The real writing world contains problems for writers like me: I’m a niche writer (many readers love my work, but have trouble finding it, because big publishers do not often take on voices like mine) and I am physically not capable of pushing my barrow much in public (disability sucks, and living in Australia also has its limitations). Next for me, therefore, is trying to find ways of getting my books to the people who want them. I want people to enjoy my books and that means being visible. That’s the hard work bit of what comes next for me. Trying to be visible. Several publishers are helping me with this and I have novels coming out in at least two countries.

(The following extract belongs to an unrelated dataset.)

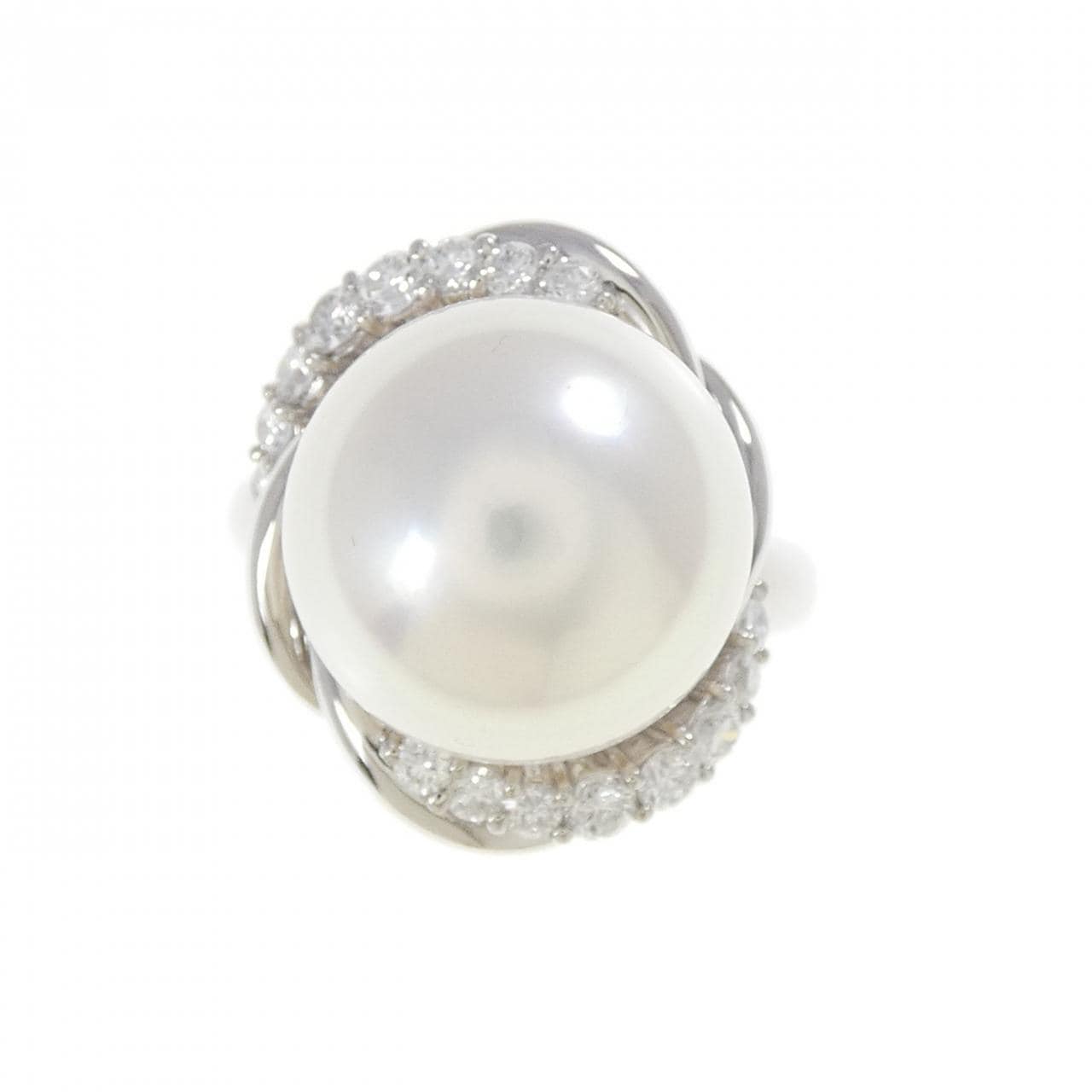 PT900 白蝶パール リング 14.0mm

The novel I’ll be working on this summer is not going to be angry. It’s going to give some of my characters some happiness. Also, I’m going to try to not kill anyone off.
How am I going to achieve these things? I’ve noticed a lovely theme that goes through some types of teen fiction and through some Korean drama, where people find happiness with each other, as a group. I would like to give this happiness to adults who travel, each of them alone, to another world. I want them to come back changed, but with each other.
This is quite different from my third activity for the next little while. Poison and Light will be released very soon, and I need to help it on its way. It’s about the last artist from Lost Earth, it’s about the way we hide in the past when we can’t face the present, and it’s about life on a distant planet. Life with highwaymen and swordfights and amazing publishers. My favourite part of it right now is the cover art: Lewis Morley didn’t just design a street scene: he built it and photographed it. My world lives.
That sounds awesome, Gillian. Finally: Who would you be if you were a fictional character – one of yours, or someone else’s?
I would be someone else’s fictional character. I don’t know whose, but I know precisely what. I’d have all the things I’ve missed out in this life: beauty, health, perfect eyesight, fabulous romance, awesome clothes and strange magic that changes the world. I suspect I’d be the somewhat sarcastic heroine of a steampunk Regency novel.
I can see it! And I want to read it! Thank you so much for sharing with me today, Gillian, and more power to you.